# WHAT THIS TASK INVOLVES
Look below for the lines from the one with "2020-2022 Ford Explorer" to the one with "צ'אט XXX בשידור חי של crazyboyy3", and copy exactly those lines, both ends included.
(Beginning of RECORDS)
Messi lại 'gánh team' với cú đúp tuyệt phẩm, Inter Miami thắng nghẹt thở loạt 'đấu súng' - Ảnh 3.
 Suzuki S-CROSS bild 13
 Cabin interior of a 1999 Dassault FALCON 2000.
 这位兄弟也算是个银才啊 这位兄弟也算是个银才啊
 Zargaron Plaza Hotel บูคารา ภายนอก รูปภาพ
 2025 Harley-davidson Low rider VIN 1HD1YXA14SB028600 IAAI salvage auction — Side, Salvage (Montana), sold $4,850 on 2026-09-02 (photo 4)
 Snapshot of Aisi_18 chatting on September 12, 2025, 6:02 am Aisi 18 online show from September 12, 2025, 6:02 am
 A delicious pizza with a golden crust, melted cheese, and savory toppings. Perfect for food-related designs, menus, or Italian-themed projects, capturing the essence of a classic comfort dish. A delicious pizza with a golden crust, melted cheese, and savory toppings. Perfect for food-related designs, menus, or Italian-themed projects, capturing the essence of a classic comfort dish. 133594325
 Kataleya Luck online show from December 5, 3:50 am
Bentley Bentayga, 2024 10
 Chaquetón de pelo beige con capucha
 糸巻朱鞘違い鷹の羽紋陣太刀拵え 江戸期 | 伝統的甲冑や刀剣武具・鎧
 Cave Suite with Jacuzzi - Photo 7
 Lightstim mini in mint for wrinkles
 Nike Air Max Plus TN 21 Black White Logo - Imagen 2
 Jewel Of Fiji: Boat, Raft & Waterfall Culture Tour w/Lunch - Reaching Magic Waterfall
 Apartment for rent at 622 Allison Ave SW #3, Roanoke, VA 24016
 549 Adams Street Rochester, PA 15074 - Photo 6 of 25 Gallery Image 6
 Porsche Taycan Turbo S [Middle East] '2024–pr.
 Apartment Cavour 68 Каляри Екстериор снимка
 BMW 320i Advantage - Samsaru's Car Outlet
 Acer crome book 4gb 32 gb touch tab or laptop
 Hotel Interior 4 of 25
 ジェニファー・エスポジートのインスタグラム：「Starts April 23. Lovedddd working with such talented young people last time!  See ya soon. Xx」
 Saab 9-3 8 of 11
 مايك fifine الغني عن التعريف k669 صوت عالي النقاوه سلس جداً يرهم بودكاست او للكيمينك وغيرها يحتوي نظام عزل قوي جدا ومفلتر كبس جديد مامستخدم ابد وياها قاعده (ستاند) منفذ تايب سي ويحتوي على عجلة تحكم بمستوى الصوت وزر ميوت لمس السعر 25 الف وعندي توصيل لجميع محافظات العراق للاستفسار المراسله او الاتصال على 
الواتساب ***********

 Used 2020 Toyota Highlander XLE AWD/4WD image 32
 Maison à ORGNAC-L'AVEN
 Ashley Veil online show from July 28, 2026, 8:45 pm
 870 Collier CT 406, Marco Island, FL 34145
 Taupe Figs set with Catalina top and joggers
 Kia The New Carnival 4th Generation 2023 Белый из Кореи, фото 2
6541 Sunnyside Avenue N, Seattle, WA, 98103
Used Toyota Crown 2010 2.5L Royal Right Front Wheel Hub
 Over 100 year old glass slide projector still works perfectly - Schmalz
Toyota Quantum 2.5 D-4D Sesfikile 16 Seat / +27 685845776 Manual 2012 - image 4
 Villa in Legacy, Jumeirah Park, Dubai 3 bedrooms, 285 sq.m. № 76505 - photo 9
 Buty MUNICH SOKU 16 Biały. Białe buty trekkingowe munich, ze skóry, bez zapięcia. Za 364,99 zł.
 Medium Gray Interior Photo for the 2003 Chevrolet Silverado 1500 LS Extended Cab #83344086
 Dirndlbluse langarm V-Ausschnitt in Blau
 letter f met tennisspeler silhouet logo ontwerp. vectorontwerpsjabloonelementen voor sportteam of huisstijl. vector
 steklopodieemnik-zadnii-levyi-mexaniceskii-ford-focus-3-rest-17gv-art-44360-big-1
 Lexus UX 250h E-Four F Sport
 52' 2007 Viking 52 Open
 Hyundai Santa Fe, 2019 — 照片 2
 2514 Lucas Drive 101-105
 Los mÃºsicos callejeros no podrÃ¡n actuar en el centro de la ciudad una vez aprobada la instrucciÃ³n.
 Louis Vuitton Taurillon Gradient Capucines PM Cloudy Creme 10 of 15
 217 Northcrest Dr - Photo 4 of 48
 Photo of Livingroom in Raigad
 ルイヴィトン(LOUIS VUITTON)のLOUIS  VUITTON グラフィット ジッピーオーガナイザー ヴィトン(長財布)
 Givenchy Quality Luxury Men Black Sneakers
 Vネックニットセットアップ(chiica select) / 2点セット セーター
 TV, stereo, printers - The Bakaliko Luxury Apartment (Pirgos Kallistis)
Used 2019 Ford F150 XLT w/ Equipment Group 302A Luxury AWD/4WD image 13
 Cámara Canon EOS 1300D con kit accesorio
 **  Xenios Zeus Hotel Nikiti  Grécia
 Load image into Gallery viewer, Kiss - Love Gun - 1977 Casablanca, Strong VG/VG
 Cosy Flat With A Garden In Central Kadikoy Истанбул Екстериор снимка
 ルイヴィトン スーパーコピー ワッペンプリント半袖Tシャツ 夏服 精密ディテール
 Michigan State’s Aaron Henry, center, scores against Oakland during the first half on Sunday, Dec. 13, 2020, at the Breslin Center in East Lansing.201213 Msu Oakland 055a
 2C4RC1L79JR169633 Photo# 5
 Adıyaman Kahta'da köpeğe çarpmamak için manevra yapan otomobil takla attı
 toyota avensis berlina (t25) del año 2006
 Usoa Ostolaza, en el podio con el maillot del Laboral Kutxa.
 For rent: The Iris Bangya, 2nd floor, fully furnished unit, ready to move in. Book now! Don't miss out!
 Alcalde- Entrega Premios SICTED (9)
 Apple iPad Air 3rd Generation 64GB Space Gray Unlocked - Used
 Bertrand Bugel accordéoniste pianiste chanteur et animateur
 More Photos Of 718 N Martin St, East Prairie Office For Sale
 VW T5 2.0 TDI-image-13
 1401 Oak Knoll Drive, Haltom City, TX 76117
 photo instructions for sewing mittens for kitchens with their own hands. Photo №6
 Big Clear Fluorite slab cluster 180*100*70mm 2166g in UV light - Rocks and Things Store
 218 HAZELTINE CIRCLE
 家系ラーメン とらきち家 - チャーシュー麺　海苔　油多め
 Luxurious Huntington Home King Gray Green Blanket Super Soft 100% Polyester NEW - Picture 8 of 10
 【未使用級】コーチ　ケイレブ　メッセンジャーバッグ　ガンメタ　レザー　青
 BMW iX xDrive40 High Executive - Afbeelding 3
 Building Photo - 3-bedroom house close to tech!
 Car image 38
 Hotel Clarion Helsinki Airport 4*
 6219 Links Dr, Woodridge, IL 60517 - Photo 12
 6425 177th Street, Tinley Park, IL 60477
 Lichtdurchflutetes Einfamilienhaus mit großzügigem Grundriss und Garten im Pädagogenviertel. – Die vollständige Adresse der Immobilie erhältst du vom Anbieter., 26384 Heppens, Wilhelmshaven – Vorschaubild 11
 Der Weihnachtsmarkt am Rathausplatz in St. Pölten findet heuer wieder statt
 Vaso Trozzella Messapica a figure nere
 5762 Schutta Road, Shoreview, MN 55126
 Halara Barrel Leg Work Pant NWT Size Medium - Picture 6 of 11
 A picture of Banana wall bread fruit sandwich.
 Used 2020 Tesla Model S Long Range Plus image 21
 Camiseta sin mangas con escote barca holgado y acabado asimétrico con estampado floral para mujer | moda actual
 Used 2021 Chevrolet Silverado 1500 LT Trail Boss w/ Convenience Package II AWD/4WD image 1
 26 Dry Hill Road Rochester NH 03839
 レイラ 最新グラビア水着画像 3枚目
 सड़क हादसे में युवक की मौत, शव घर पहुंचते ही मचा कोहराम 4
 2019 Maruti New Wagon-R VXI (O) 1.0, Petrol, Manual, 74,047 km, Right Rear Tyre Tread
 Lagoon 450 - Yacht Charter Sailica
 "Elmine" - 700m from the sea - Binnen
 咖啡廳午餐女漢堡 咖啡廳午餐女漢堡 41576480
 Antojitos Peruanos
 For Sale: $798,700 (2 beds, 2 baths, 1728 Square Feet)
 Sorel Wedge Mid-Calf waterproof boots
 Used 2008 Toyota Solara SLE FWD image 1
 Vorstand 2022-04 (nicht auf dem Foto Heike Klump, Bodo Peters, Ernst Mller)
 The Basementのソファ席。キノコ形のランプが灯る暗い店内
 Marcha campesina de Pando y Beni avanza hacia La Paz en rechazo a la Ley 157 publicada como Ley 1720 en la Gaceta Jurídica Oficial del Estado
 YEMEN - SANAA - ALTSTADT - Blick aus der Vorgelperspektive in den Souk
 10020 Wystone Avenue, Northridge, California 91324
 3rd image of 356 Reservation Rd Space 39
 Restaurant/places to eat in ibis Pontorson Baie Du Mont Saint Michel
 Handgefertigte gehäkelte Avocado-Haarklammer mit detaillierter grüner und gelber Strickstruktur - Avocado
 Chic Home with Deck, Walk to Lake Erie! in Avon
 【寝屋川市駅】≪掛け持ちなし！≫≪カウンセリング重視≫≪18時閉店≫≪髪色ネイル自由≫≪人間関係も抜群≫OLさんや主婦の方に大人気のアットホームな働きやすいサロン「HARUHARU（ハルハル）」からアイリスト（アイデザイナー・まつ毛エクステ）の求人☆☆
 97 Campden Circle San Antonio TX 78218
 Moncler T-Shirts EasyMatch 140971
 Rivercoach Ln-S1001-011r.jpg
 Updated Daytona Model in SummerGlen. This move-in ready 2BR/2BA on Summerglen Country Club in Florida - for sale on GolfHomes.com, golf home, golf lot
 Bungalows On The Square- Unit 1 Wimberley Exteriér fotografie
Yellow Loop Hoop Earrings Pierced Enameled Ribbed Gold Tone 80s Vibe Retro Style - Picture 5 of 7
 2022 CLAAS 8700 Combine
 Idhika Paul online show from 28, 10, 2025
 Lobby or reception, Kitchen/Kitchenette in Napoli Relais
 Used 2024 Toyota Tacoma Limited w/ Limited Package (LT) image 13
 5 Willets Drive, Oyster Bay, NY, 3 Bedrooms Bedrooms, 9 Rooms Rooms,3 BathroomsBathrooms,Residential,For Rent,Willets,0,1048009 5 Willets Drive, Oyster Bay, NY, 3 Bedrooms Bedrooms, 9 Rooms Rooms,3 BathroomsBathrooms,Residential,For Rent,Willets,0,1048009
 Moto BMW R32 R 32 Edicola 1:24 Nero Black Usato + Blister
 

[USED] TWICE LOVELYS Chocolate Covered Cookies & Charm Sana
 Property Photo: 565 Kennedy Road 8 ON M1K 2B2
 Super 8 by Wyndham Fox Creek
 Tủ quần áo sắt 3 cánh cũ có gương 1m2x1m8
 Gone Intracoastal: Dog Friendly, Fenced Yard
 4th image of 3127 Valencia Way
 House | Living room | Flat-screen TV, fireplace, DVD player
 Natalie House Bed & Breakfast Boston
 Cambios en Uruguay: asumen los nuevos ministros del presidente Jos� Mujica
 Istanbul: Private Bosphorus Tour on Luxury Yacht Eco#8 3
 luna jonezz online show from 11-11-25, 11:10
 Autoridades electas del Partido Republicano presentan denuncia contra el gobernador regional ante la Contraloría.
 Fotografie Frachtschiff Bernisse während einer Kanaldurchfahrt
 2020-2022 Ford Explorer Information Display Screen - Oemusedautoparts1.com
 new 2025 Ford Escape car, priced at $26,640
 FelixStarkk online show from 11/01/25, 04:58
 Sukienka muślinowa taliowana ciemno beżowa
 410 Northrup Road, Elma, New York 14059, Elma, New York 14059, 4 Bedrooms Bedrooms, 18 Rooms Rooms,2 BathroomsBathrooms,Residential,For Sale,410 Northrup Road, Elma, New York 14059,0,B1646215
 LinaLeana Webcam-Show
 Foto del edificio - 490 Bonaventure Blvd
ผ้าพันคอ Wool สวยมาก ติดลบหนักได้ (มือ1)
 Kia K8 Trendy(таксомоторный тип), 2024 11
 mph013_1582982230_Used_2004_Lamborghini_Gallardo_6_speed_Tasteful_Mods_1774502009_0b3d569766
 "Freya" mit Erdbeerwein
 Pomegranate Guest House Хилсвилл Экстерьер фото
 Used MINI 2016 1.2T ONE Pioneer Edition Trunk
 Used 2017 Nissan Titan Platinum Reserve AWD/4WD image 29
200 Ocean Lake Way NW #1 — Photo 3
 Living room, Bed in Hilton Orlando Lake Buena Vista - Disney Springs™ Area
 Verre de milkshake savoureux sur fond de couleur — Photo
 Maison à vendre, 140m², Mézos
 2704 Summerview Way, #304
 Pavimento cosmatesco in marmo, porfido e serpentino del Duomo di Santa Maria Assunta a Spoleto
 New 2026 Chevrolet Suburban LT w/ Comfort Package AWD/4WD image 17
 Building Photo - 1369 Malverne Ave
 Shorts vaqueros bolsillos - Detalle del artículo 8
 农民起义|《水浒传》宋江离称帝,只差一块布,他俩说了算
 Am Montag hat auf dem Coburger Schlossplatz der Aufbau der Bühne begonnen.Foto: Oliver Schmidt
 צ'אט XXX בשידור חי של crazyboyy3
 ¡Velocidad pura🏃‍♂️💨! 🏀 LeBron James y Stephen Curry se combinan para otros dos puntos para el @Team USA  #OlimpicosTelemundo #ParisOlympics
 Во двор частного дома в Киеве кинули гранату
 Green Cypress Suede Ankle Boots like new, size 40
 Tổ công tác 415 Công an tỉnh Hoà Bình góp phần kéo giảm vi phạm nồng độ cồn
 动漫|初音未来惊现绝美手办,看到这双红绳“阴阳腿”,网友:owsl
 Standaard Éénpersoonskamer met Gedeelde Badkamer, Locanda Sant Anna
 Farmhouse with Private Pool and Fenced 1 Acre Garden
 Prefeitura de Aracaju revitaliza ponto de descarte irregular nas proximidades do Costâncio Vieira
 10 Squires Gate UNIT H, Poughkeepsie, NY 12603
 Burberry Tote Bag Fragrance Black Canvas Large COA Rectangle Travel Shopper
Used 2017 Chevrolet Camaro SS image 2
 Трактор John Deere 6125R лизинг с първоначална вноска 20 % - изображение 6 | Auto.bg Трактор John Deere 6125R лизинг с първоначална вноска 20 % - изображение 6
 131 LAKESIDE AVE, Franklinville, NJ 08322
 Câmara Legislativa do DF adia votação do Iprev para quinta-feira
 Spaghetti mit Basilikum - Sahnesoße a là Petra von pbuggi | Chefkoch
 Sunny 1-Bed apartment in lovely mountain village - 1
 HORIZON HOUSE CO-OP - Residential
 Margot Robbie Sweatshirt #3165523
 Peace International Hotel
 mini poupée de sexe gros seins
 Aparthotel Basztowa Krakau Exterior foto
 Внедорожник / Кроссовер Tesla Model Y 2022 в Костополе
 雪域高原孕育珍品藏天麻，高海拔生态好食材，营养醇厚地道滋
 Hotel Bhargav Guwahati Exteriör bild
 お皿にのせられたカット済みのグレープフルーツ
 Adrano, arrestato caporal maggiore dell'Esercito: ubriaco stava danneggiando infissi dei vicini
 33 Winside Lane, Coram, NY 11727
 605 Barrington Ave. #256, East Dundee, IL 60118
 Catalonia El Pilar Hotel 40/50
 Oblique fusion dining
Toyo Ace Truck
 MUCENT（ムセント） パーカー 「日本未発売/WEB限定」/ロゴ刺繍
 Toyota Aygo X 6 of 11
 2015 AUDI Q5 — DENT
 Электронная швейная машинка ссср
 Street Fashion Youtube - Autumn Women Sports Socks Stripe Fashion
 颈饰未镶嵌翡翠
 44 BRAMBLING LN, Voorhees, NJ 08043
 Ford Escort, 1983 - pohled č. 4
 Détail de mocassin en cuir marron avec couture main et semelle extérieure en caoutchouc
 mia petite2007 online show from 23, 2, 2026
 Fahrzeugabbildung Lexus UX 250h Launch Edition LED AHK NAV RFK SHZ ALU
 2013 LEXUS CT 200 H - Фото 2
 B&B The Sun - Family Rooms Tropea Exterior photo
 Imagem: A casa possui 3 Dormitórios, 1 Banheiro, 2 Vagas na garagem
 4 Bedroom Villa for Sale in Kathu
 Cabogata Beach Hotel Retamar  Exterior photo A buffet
(End of RECORDS)
# ANSWER TO THE PROBLEM
 2020-2022 Ford Explorer Information Display Screen - Oemusedautoparts1.com
 new 2025 Ford Escape car, priced at $26,640
 FelixStarkk online show from 11/01/25, 04:58
 Sukienka muślinowa taliowana ciemno beżowa
 410 Northrup Road, Elma, New York 14059, Elma, New York 14059, 4 Bedrooms Bedrooms, 18 Rooms Rooms,2 BathroomsBathrooms,Residential,For Sale,410 Northrup Road, Elma, New York 14059,0,B1646215
 LinaLeana Webcam-Show
 Foto del edificio - 490 Bonaventure Blvd
ผ้าพันคอ Wool สวยมาก ติดลบหนักได้ (มือ1)
 Kia K8 Trendy(таксомоторный тип), 2024 11
 mph013_1582982230_Used_2004_Lamborghini_Gallardo_6_speed_Tasteful_Mods_1774502009_0b3d569766
 "Freya" mit Erdbeerwein
 Pomegranate Guest House Хилсвилл Экстерьер фото
 Used MINI 2016 1.2T ONE Pioneer Edition Trunk
 Used 2017 Nissan Titan Platinum Reserve AWD/4WD image 29
200 Ocean Lake Way NW #1 — Photo 3
 Living room, Bed in Hilton Orlando Lake Buena Vista - Disney Springs™ Area
 Verre de milkshake savoureux sur fond de couleur — Photo
 Maison à vendre, 140m², Mézos
 2704 Summerview Way, #304
 Pavimento cosmatesco in marmo, porfido e serpentino del Duomo di Santa Maria Assunta a Spoleto
 New 2026 Chevrolet Suburban LT w/ Comfort Package AWD/4WD image 17
 Building Photo - 1369 Malverne Ave
 Shorts vaqueros bolsillos - Detalle del artículo 8
 农民起义|《水浒传》宋江离称帝,只差一块布,他俩说了算
 Am Montag hat auf dem Coburger Schlossplatz der Aufbau der Bühne begonnen.Foto: Oliver Schmidt
 צ'אט XXX בשידור חי של crazyboyy3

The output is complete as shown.